But some waits are harder than others. Some waits cement you to the minute, refusing let time tick by in its proper clippity-clop manner. It screeches and drags like an anchor scrapping across gravel. These waits seem longer, harder, crueler.

  • Waiting to see your baby’s fingers and toes in real life and hear that blessed scream, indicating that everything will be okay.
    Waiting to hear that your loved one has finally left this world, shrugging off the worldly pain like a wool coat.
    Waiting to hear if you got the job out of state.
    Waiting to see if your house sells or if you should investigate bankruptcy paperwork instead.
    Waiting to hear if the biopsy is clear.

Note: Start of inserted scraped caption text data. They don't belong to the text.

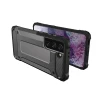Чохол HRT Hybrid Armor для Samsung Galaxy S23 Plus Black (9145576272596)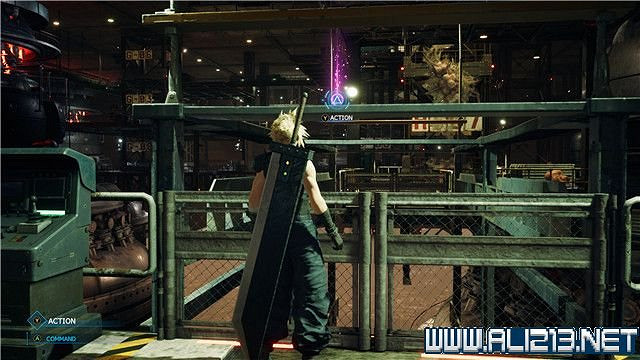 《最終幻想(太空戰士)7重製版》章節劇情通關流程圖文詳解 全支線全收集匯總 《最終幻想(太空戰士)7重製版》章節劇情通關流程圖文詳解 全支線全收集匯總
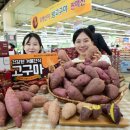 영양농업협동조합하나로마트 이미지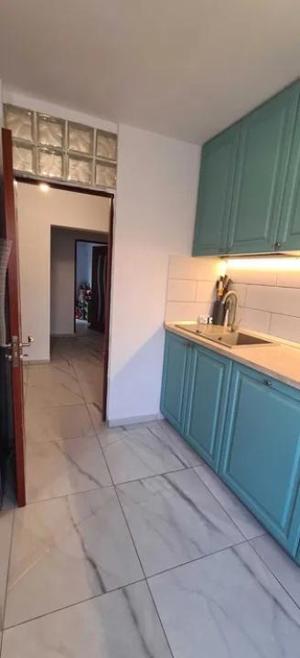 Apartament de 3 camere ( REVOVAT-CU CENTRALA )-Brancoveanu 500 m MENTROU - imagine 2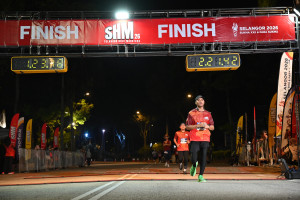 Selangor Half Marathon 2026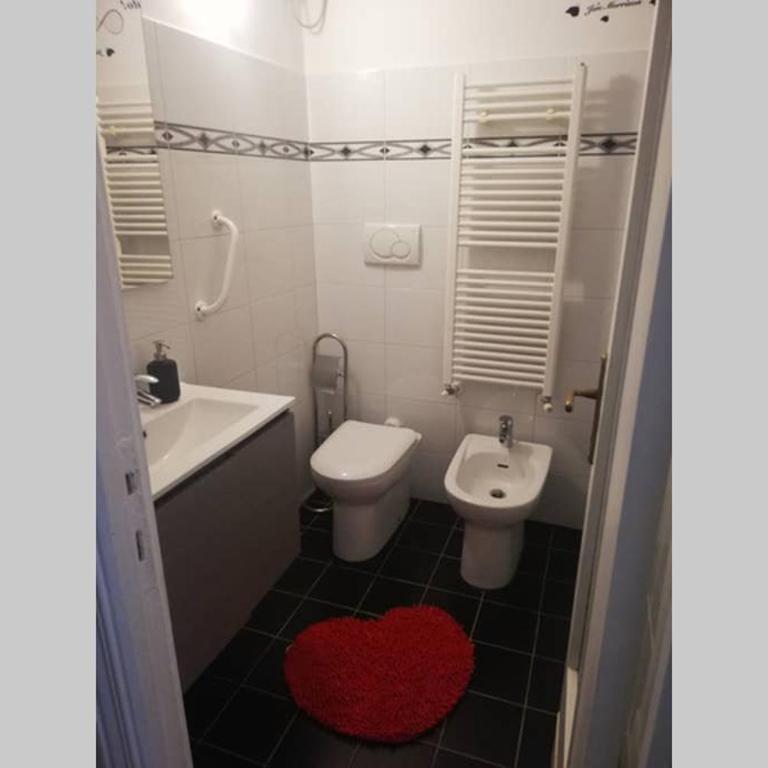 la casa di Giada - Appartamento con 1 Camera da Letto - 12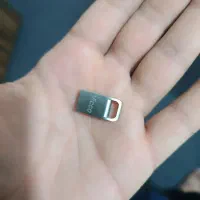 فلش ۶۴گیگ برند vicco نو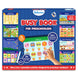 Skillmatics Busy Book For Preschoolers | Reusable Sticker Activity Book (ages 3-6)
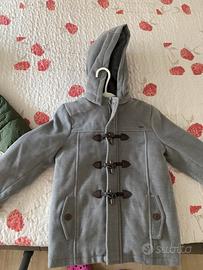Cappotti invernali 116cm BAMBINO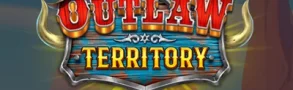 Outlaw Territory Spielautomat (Relax Gaming) Review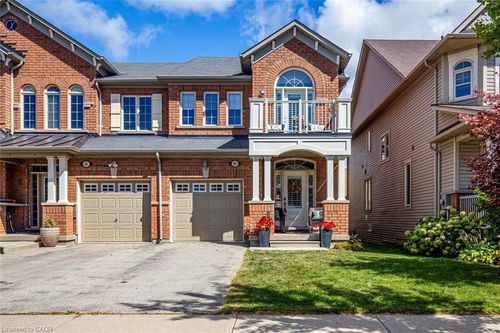 65 Cathedral Crt, Waterdown, ON, L8B0S1 | Card Image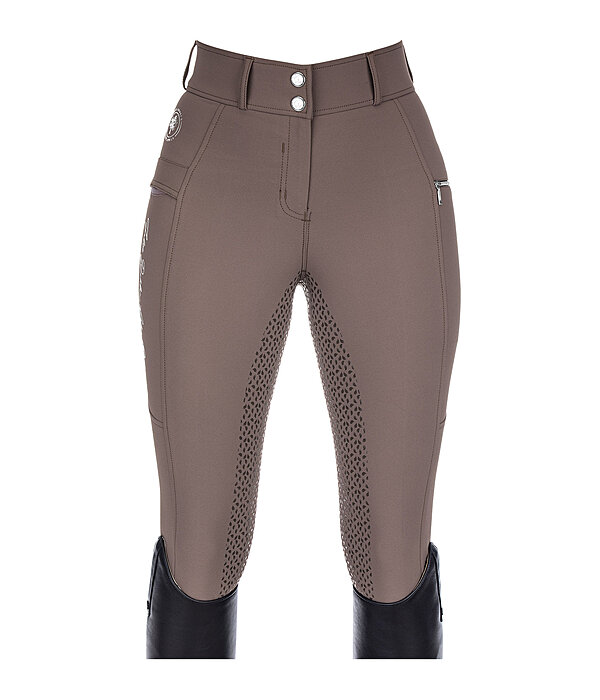 Grip Full-Seat Breeches Life Cycle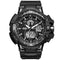 Black Gray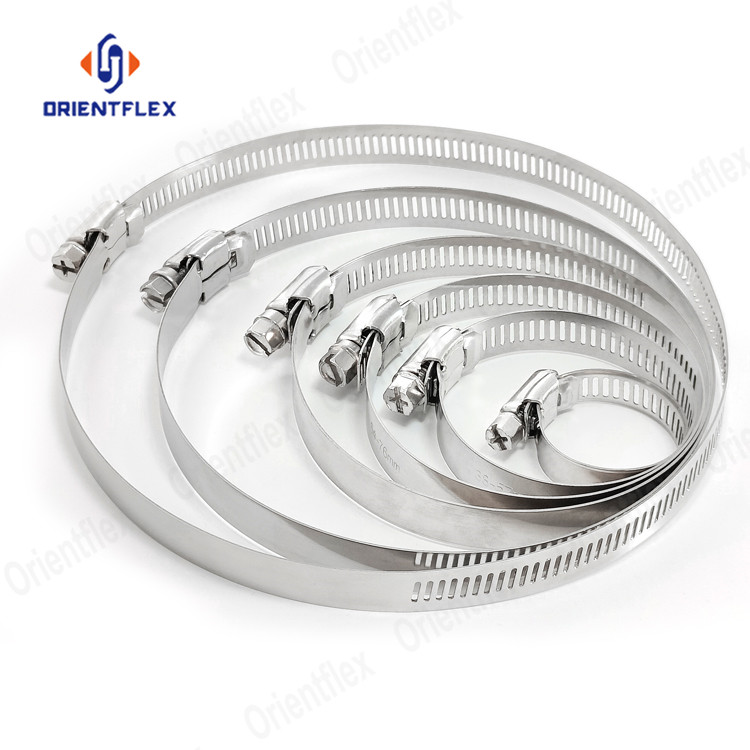 Hose Clamp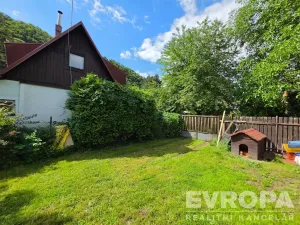 Pronájem chaty, Černošice, 36 m2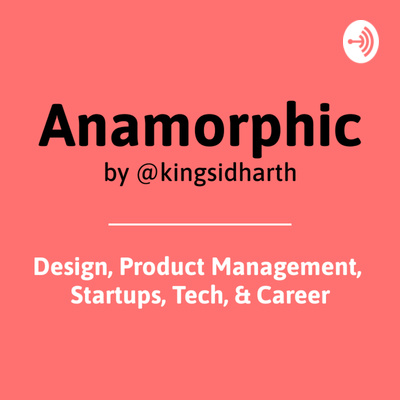 Anamorphic by @kingsidharth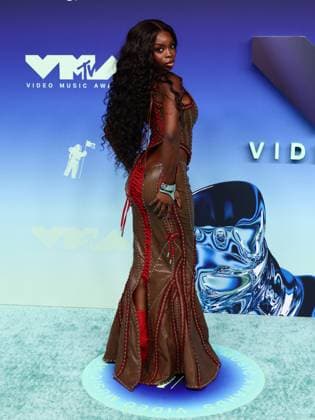 2026 MTV Video Music Awards Olandria Carthen at the 2026 MTV Video Music Awards held at Peacock Theater at L.A. Live on September 27, 2026 in Los Angeles, California, United States. Los Angeles California United States Copyright: xXavierxCollin ImagexPressxAgencyx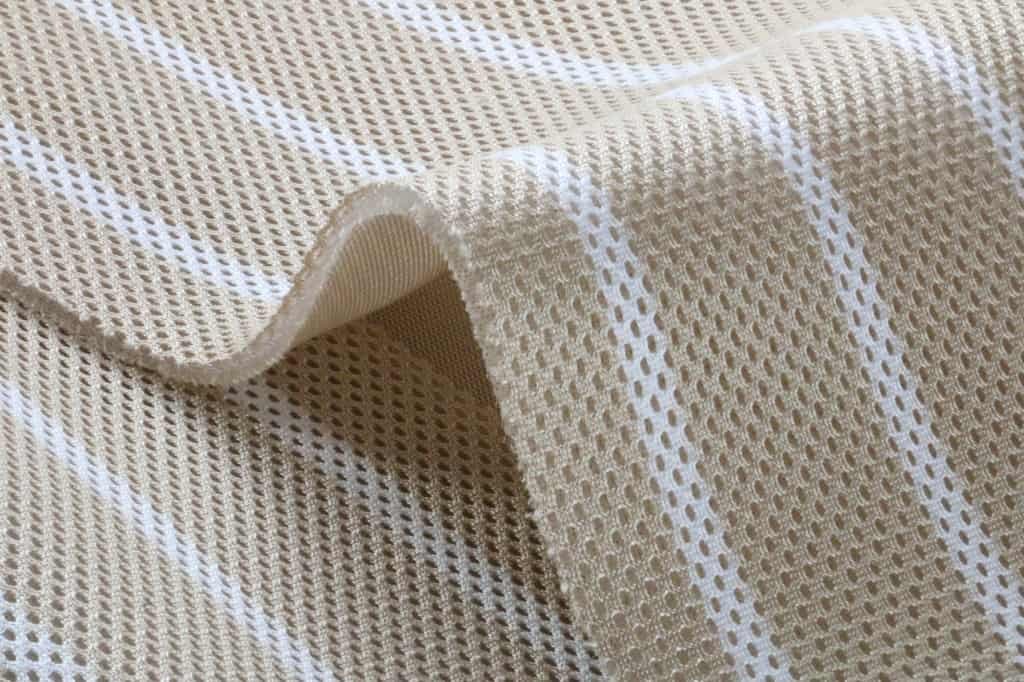 Custom Color Mesh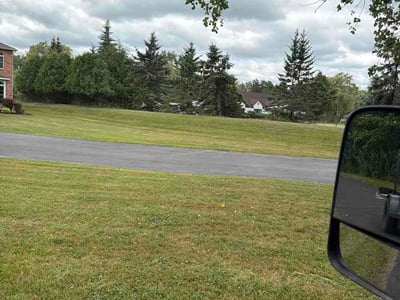 Lawn Care service in Depew, 14043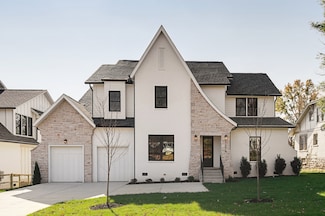 1601 S Observatory Dr Unit C, Nashville, TN 37215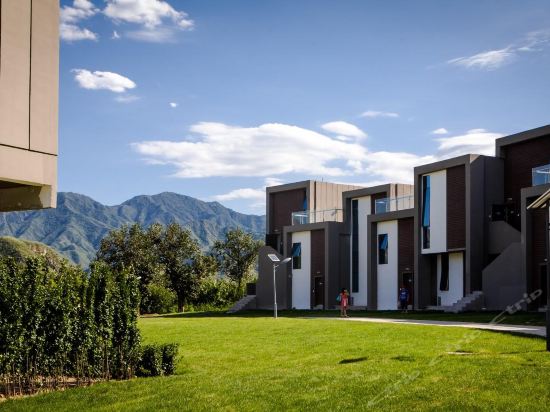 北京权品斐俪酒店原权金城渔山国际温泉谷酒店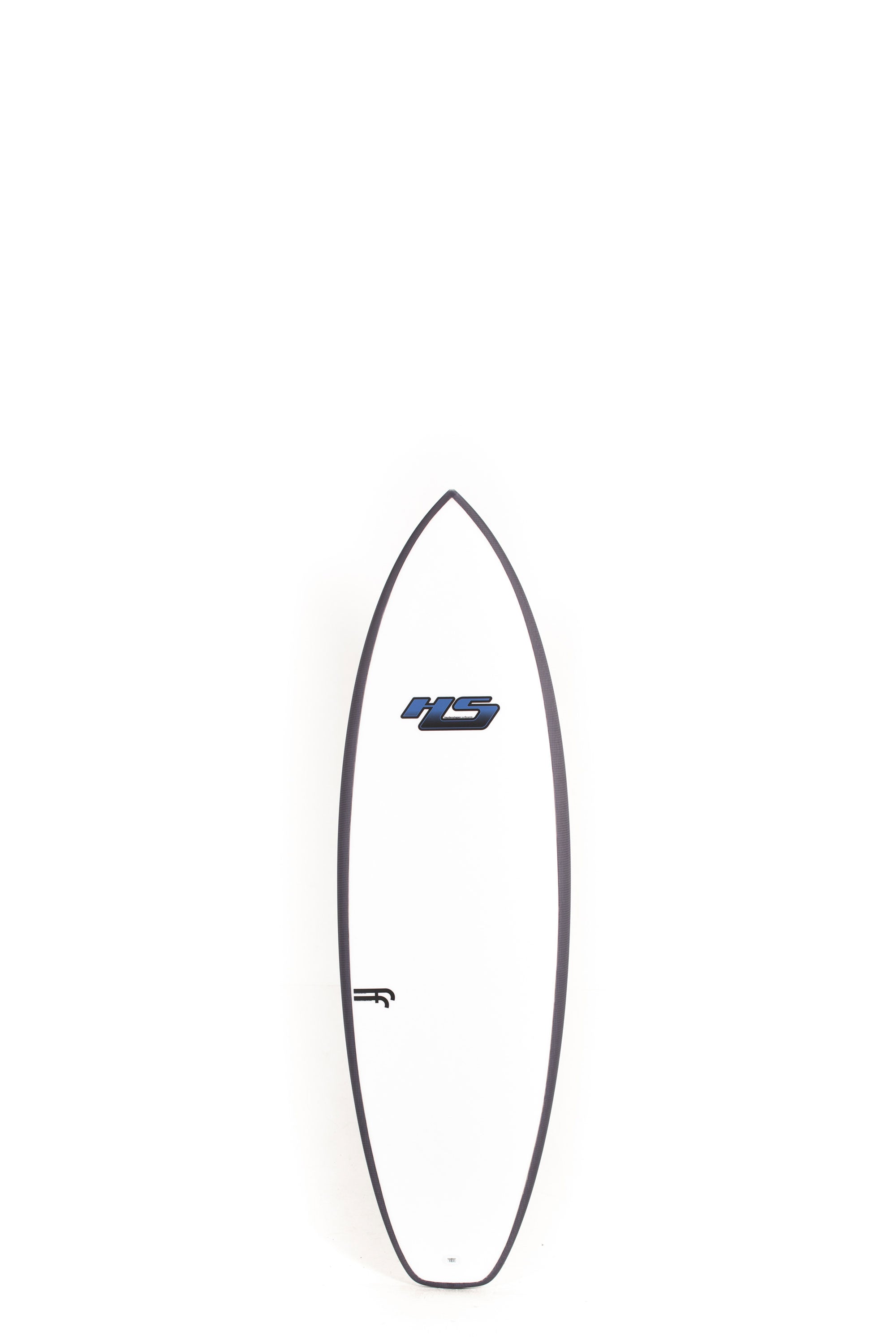 HaydenShapes NOVA FF - 5'7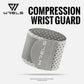 Compression Wrist Support Wrap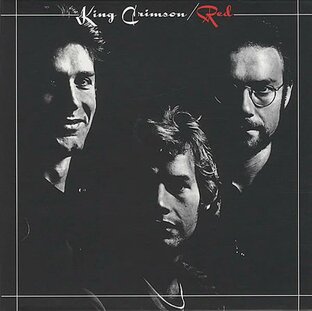 KING CRIMSON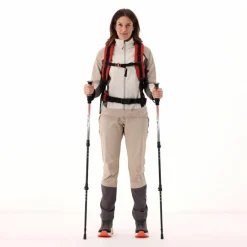 Donna CMP Gilet E Smanicati|Giacche Trekking^Giacca ibrida con maniche removibili da Donna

There is a lesson in each wait. And it is seldom the same lesson each time. I like to delude myself into thinking that if I puzzle out the lesson fast enough, the wait will end—the cheesy treat at the end of the maze.  But the wait can’t be shortcut, condensed, boiled down or quartered. It takes up the space it was allotted and we either move around it, carrying on with the rest of our non-waiting lives or we sit down and stare at the wait.

Either way we wait…
And wait…
And wait…

What are you waiting on?


One thought on “Wait Times

  1. Most of the time I’m waiting in the pick-up line, then waiting on violin lessons to be over, scouts, basketball practice, and whether or not today is the day I submit something. At my age, can’t wait too long. Liked your piece, good advice. Hope to see you at the Erma workshop. I’m witht the “bird’ group.